19. Juni 2011

Syrien: "Du kannst die Blumen zertreten, Bashar, aber Du kannst den Frühling nicht aufhalten."

Die Demonstrationen dieses Freitages waren Saleh al-Ali gewidmet, einem Widerstandskämpfer gegen die französische Besatzung nach dem Ersten Weltkrieg. Natürlich tobte das Regime ob dieser Wahl. Das sei ein "Missbrauch" des Helden. Die Baath-Partei gibt sich als den einzigen Garanten der syrischen Souveränität. Doch die nationalistische Rhetorik verfängt schon lange nicht mehr bei den Demonstranten. Erinnert sei an die Parole: "Wer auf das Volk schießt, ist der Verräter." Ihre Wahl Saleh al-Alis signalisiert auch noch etwas anderes. Sie wollen sich nicht auf religiöse Spaltungen einlassen und der Vorwurf, sie seien sunnitische Extremisten, wird zurückgewiesen: denn Saleh al-Ali war Alawit.
Demonstration am Freitag, den 17.06.2011, in Hama
Ich wiederhole es gerne: Es werden nicht weniger. Dieser Freitag sah mindestens genauso viele Demonstranten wie die Freitage zuvor. "Du kannst Blumen zertreten, Bashar, aber Du kannst nicht den Frühling aufhalten" war auf einem Transparent zu lesen. Zunehmend soll sich auch die Mittelschicht beteiligen. Bisher waren die Proteste v. a. von der Mehrheit der Armen getragen worden.
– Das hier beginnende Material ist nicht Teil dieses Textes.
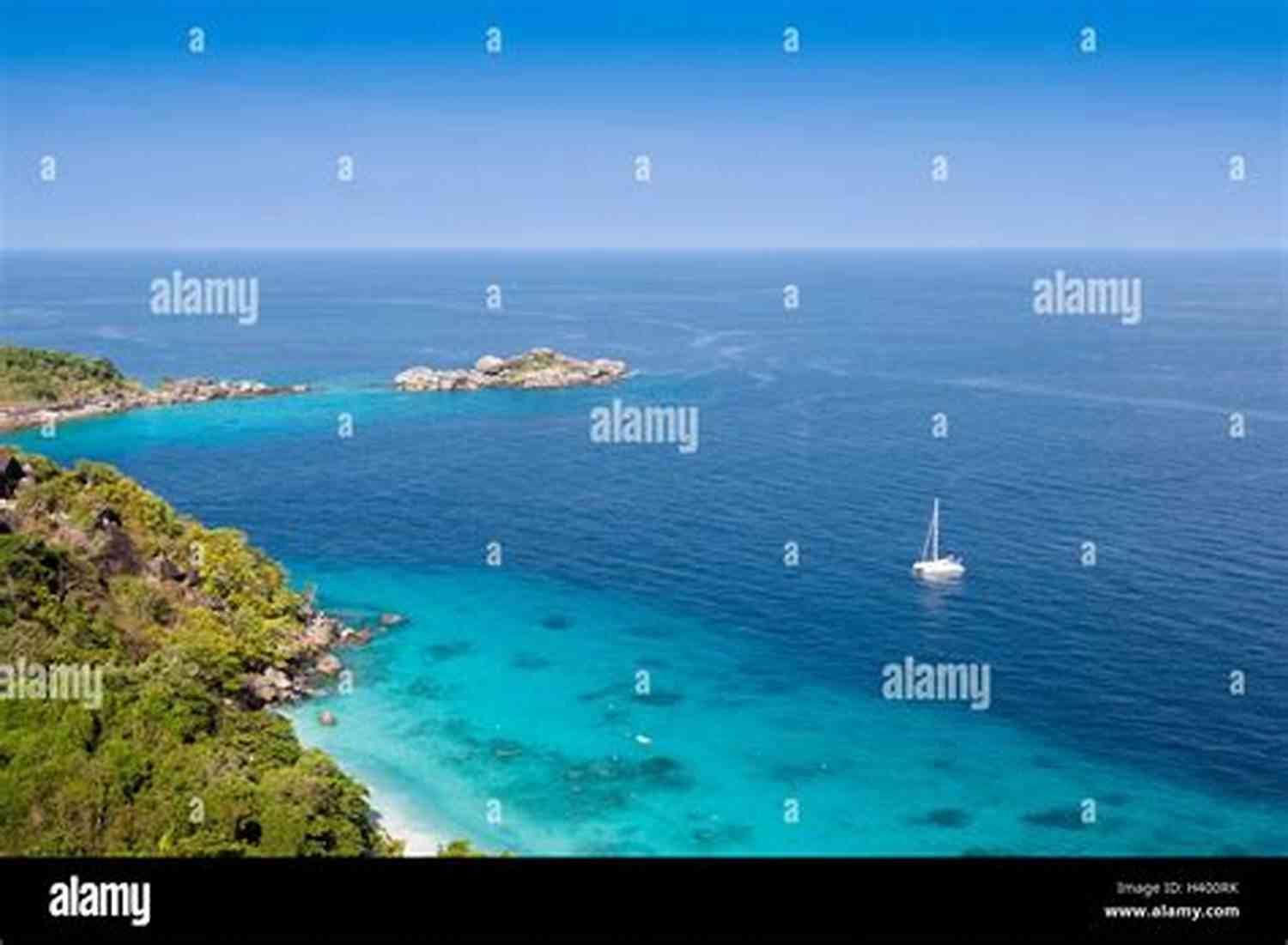 Island Hopping In The Caribbean: Scenic View Of Multiple Tropical Islands Surrounded By Turquoise Waters. The Trip Of A Lifetime (Caribbean 5)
Und schon am nächsten Tag, den Sonnabend, gab es vielerorts wieder Demonstrationen. Denn das Regime ließ am Freitag wieder schießen. Etwa 20 Tote waren zu verzeichnen. Ohne zu übertreiben kann man sagen, dass es in Hama, Deir Azzour und Harasta (ein Vorort von Damaskus) jeweils(!) Zehntausende waren, die den Toten das letzte Geleit gaben.

Und das Regime? Nun, unter der Woche wurde verkündet, Rami Makhlouf (Cousin von Bashar und reichster Syrer) würde sich aus seinen Geschäften zurückziehen und nur noch für die Allgemeinheit arbeiten, Jobs schaffen und Teile seines Vermögens für wohltätige Zwecke spenden. Was von diesen Ankündigungen gehalten wurde, zeigte sich, als erneut wieder Niederlassungen von Syratel, der Mobilfunkfirma Makhloufs, verwüstet wurden.

Ach ja, und dann gibt es noch die Kampagne einiger Kräfte des Regimes, die die Demonstranten als schwul diffamieren. Ja, richtig gelesen, der Vorwurf lautet: "Die sind doch alle schwul!" So weit zum politischen Niveau des Regimes.